If this episode speaks to you, please share with a friend, leave a comment, and drop a review—I’d love to hear your biggest takeaway!

Episode Resources:

Episode Transcript

[00:00:00] Kate: It's easy to post the quote and talk about an abundant mindset. It's an entirely different thing to give away $20,000 worth of stuff that you love. 47-year-old Kate has got it. I feel great, but my inner child has been freaking out throughout this process. She's been furious with me, questioning why I'm giving up comfort and security and stability, and saying things like, "What do you mean we're not going to have a home? And what are you doing?"

[00:00:28] And she wants to be safe and feel comfortable. And so it's been like any parent knows, really comforting your child when they're freaking out and having a tantrum about something.

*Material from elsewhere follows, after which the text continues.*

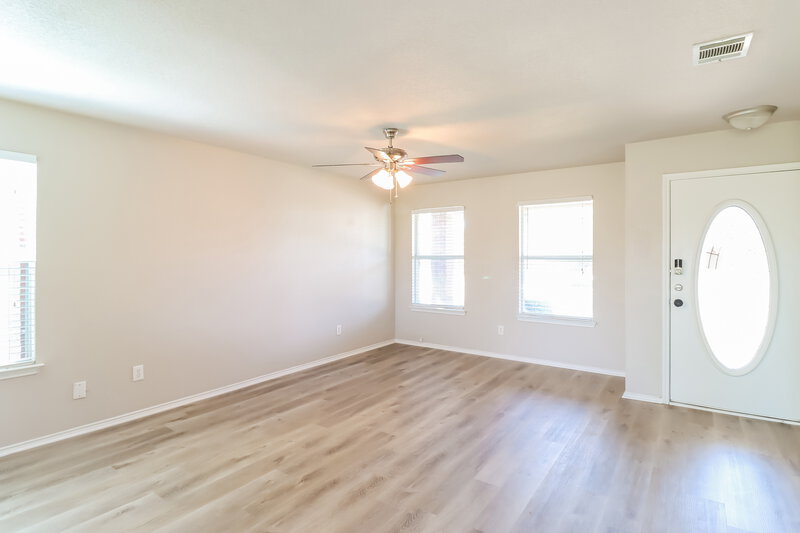 2,055/Mo, 8536 Hawkview Dr Fort Worth, TX 76179 Living Room View 2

And ultimately, regardless of age, we all want to feel safe. The week I was moving out, I saw this feature in Architectural Digest with Lenny Kravitz showing his stunningly gorgeous home in Paris.

[00:00:50] And I thought, even with some things at the end, I'm like, "Do I really want to part with this?" And I asked myself, "If you're going to move in with Lenny Kravitz in his Paris pad next week, do you care about this piece of art?" And I was like, "No." Do you need to take this chair with you? No.

[00:01:21] I want to talk to you today about following your inner knowing. And if you're watching on YouTube, you can see that I am not in my normal recording space. I have just moved out of my home in Los Angeles. I donated nearly all of my furniture. I released half of my wardrobe, put the rest in storage, packed three suitcases, and came here to Europe.

[00:01:43] I'm currently in Algarve, Portugal, and it's been a long journey to get here. It took me three days to get here because of flight delays and baggage delays and Air France really trying to keep me from being great by not flying my luggage from Paris to Lisbon. And Lisbon, of course, had a power outage, so I was behind thousands of people waiting to get my lost bag.

[00:02:04] And it was a whole ordeal, but by nothing short of a miracle, a very, very kind man, George, took pity on me, liked my energy, appreciated my kindness, and went out of his way to track down my bags and hand them to me. So I was only without them for a day, and I could make it to this destination. And so here we are.

[00:02:23] And I just felt called to record an episode here because this is such a huge moment in my life of taking a gigantic blind leap of faith into the unknown, into complete uncertainty, and not having any proof in the 3D, but knowing internally and feeling in my body the opportunities that are coming in, and that I will be guided.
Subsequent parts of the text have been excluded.